Strain engineering Dirac surface states in topological crystalline insulator heteroepitaxial thin films
This event is part of the Biophysics/Condensed Matter Seminar Series.
Abstract: Controllable manipulation of materials at the atomic length scales is necessary for realizing the next generation of nanodevices. A promising pathway involves the application of strain, which can be used to tune the inter-atomic lattice spacing and induce an accompanying change in the electronic structure. In newly discovered topological crystalline insulators (TCIs), the unique crystalline protection of the surface state (SS) band structure has led to a series of intriguing predictions of strain generated phenomena, from the appearance of pseudo-magnetic fields and helical flat bands, to the tunability of the SS Dirac nodes (Tang and Fu, arXiv:1403.7523).
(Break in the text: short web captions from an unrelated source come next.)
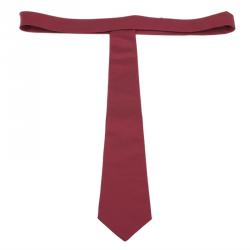 Pre Owned CH Carolina Herrera Red Silk Tie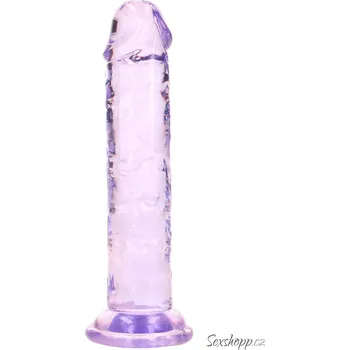 Dildo Realistické dildo s přísavkou RealRock 6", fialové
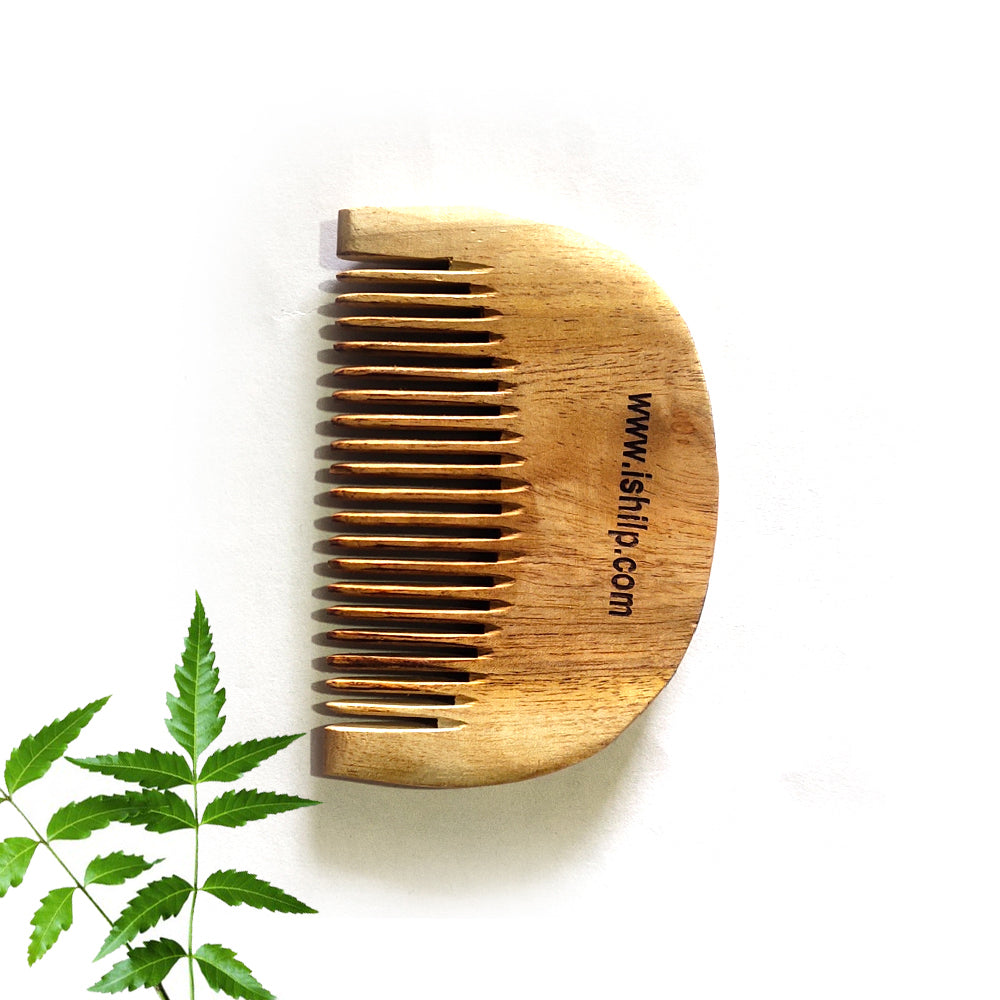 Neem Wood Beard Comb - 4"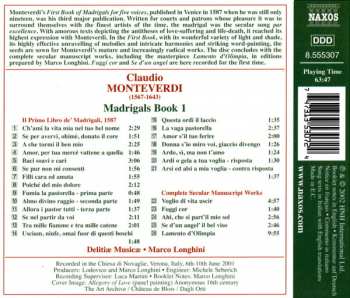 CD Claudio Monteverdi: Madrigals Book 1 299598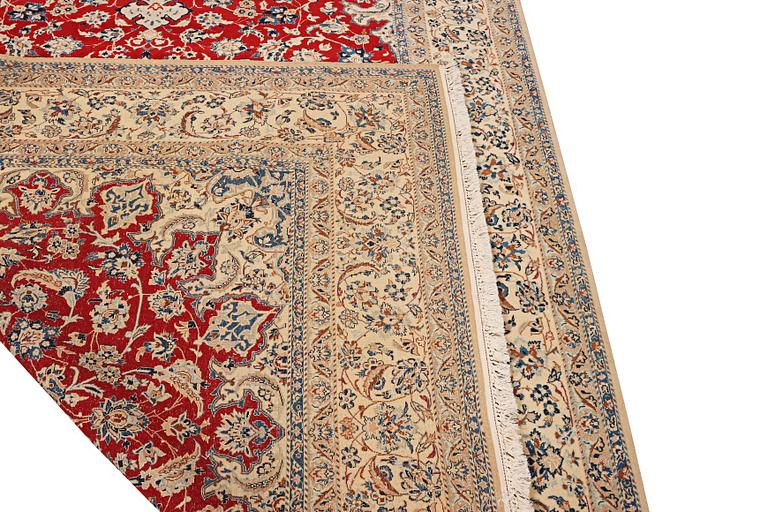 Matta, Nain, part silk, 9 laa, ca. 250 x 170 cm.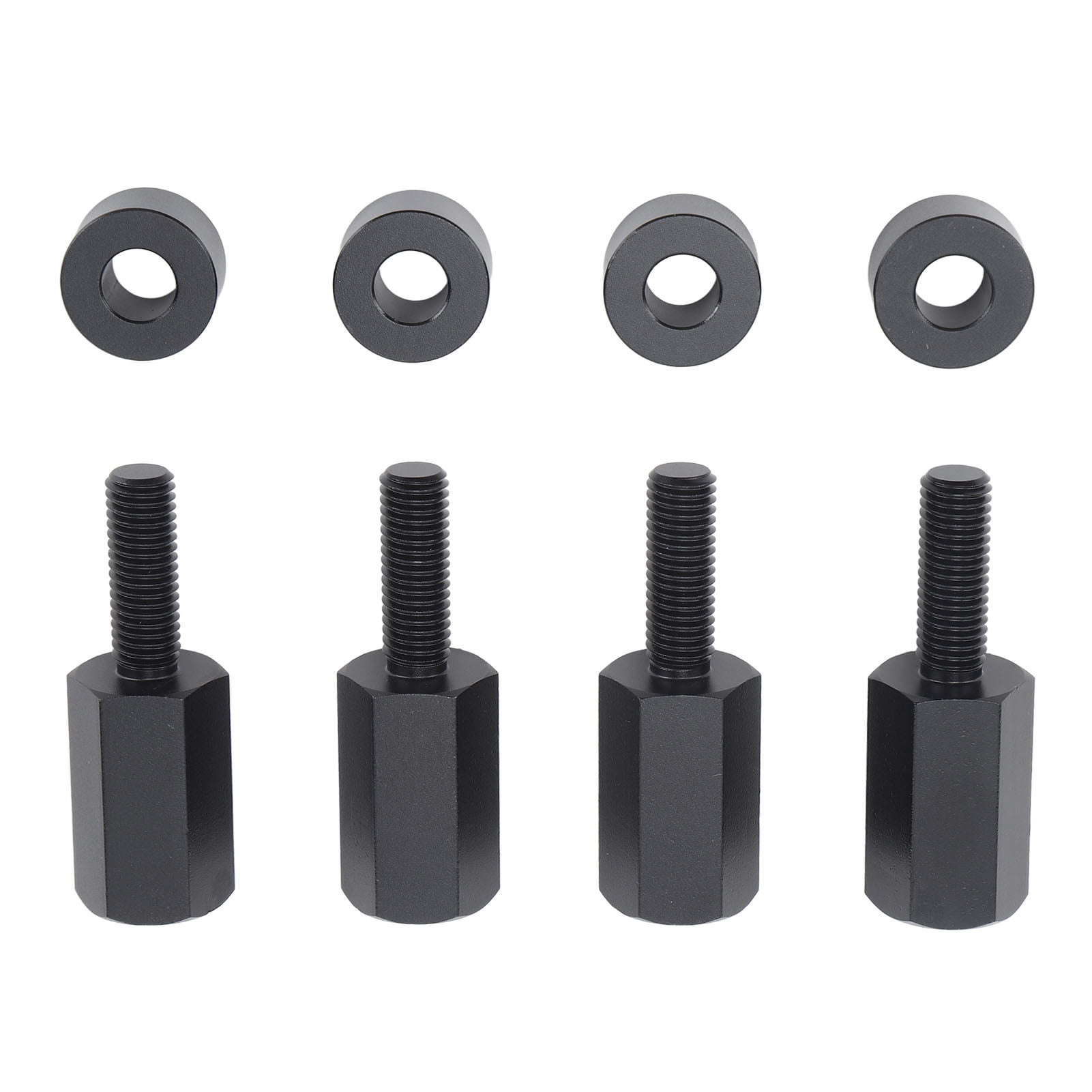 4PCS Rugged Seat Risers for Can-Am Maverick X3 All Years 2'' Black UTV Seat Lift Kit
However, practical realization of this exotic phenomenology via strain engineering is experimentally challenging and is yet to be achieved. In our experiments, we grow heteroepitaxial thin films of SnTe and use Fourier-transform scanning tunneling microscopy (STM) to study the effects of strain on the interference patterns of scattered electrons. We find that strain continuously tunes the momentum space position of the Dirac points, consistent with theoretical predictions. Our measurements provide the first direct experimental evidence for the pronounced effects of strain on the topological SS band structure, and demonstrate the fundamental mechanism necessary for using TCIs in strain-based applications.